Determining properties of solution of a second order ODE

If the functions $y_1$ and $y_2$ are linearly independent solutions of $$y'' + p(t)y' + q(t)y = 0$$, show that between consecutive zeros of $y_1$ there is one and only one zero of $y_2$. Note that this

result is illustrated by the solutions $y_1(t) = cos t$ and $y_2(t) = sin t$ of the equation $y'' + y = 0$.

What i tried

I dont quite get what the question means when it says between consecutive zeros of $y_1$

there is one and only one zero of $y_2$. What i do know is that since $y_1$ and $y_2$ are

linearly independent, then the linear combination of $y_1$ and $y_2$ can be written as

$$c_1y_1+c_2y_2=0$$

Where $c_1=c_2=0$

Could anyone explain.
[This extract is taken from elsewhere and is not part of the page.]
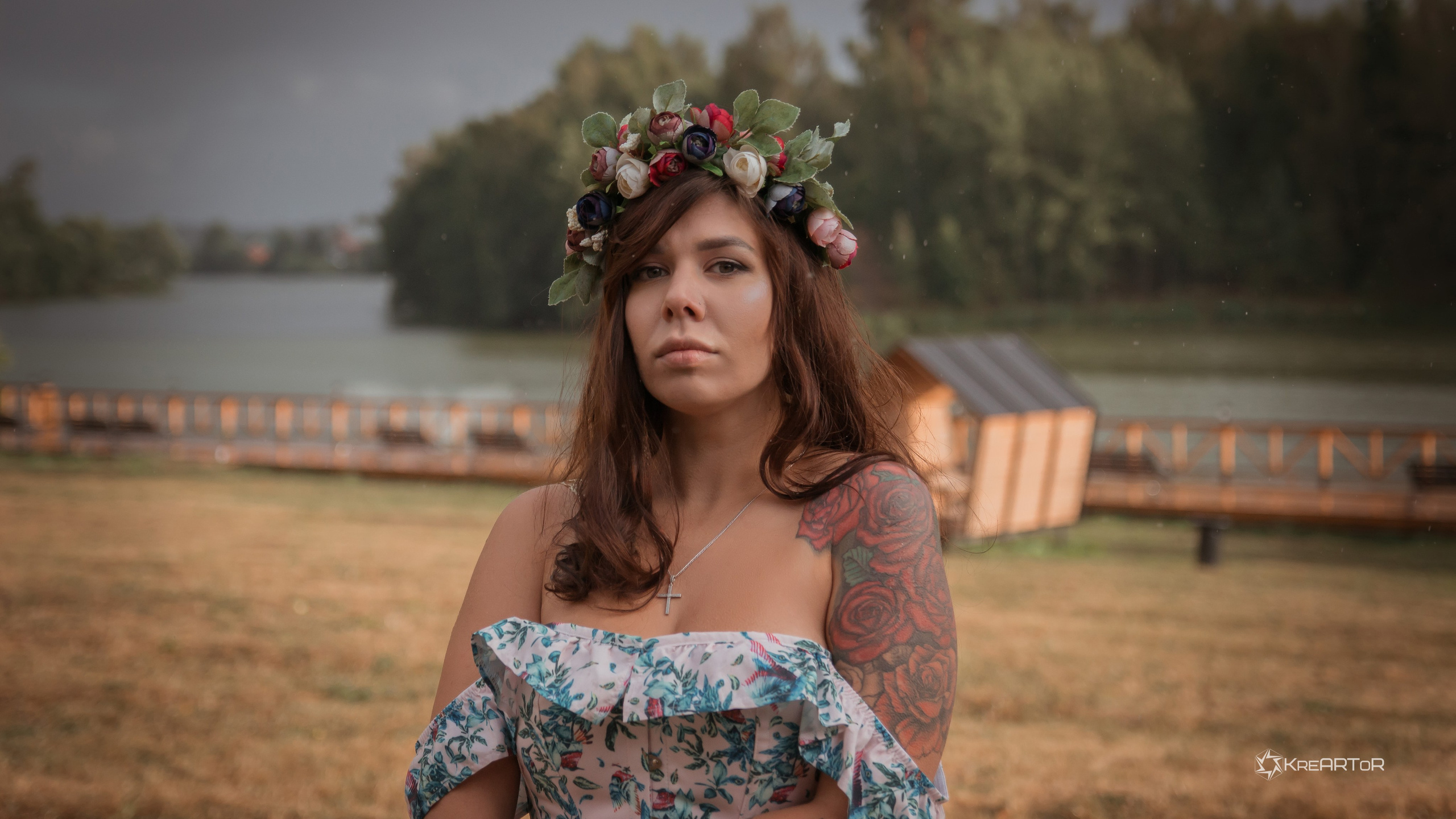 Женский портрет на природе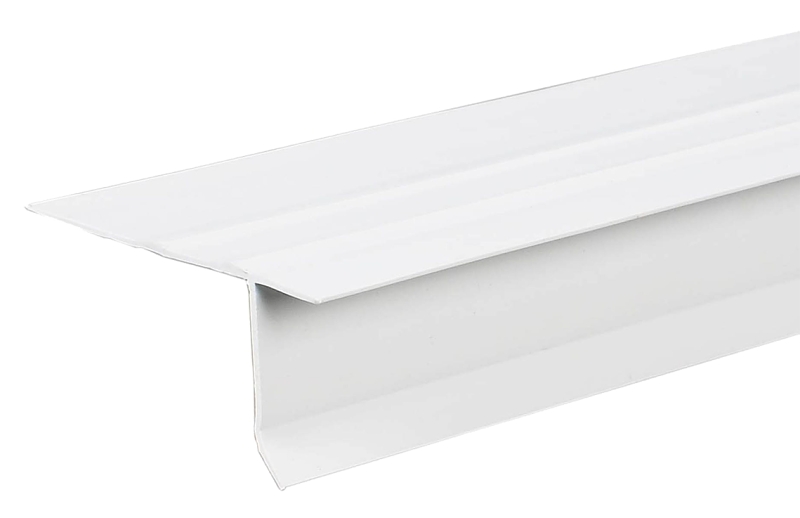 Amerimax 37154 Drip Edge, 10 ft L, 2-1/2 in W, 1.13 in H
Thanks

• Consecutive zeros mean between the points of $\cos t =0$ namely $$x= \left(n-\frac{1}{2}\right)\pi$$ plus what is the shift between $\cos t$ and $\sin t$? – Chinny84 Feb 20 '15 at 16:42
• cost=sin(t+$\pi/2$) – ys wong Feb 20 '15 at 16:53
• i still dont get it could anyone explain. thanks – ys wong Feb 20 '15 at 17:25
• i posted an explanation. check it out. – abel Feb 20 '15 at 20:04

i think you can show this interlacing property by considering the wronskian $w.$
suppose we have two linearly independent solutions $y_1$ and $y_2.$ suppose too, that there are two points $a < b$ such that $y_1(a) = 0, y_1(b) = 0, y_1(x) > 0 \text{ for } a < x < b \text{ and wlog } y_2(a) > 0.$
let the wronskian $w$ be defined by $$w(x) = y_1'(x)\,y_2(x) - y_2'(x)y_1(x).$$ we will show that $y_2$ has a zero in $(a, b)$ by showing that $y_2(a)y_2(b) < 0.$ note that by uniqueness theorem $y'_1(a) \neq 0$ and by the positivity of $y_1,$ we have in fact $y'_1(a) > 0$ and in the same way $y'_1(b) < 0.$ that is $$y'_1(a) > 0 \text{ and } y'_1(b) < 0. \tag 1$$
by abel's theorem, $$w = w(a)e^{-\int_a^x p(t) \, dt}.$$ that is $w(x)$ has the same sign as $w(a)$ for $a < x < b.$ now $$w(a) = y'_1(a)y_2(a)-y'_2(a)y_1(a)=y'_1(a)y_2(a) > 0. \tag2$$
and $$w(b) = y'_1(b)y_2(b)-y'_2(b)y_1(b)=y'_1(b)y_2(b) > 0.\tag3$$
$(1), (2)$ and $(3)$ proves the claim.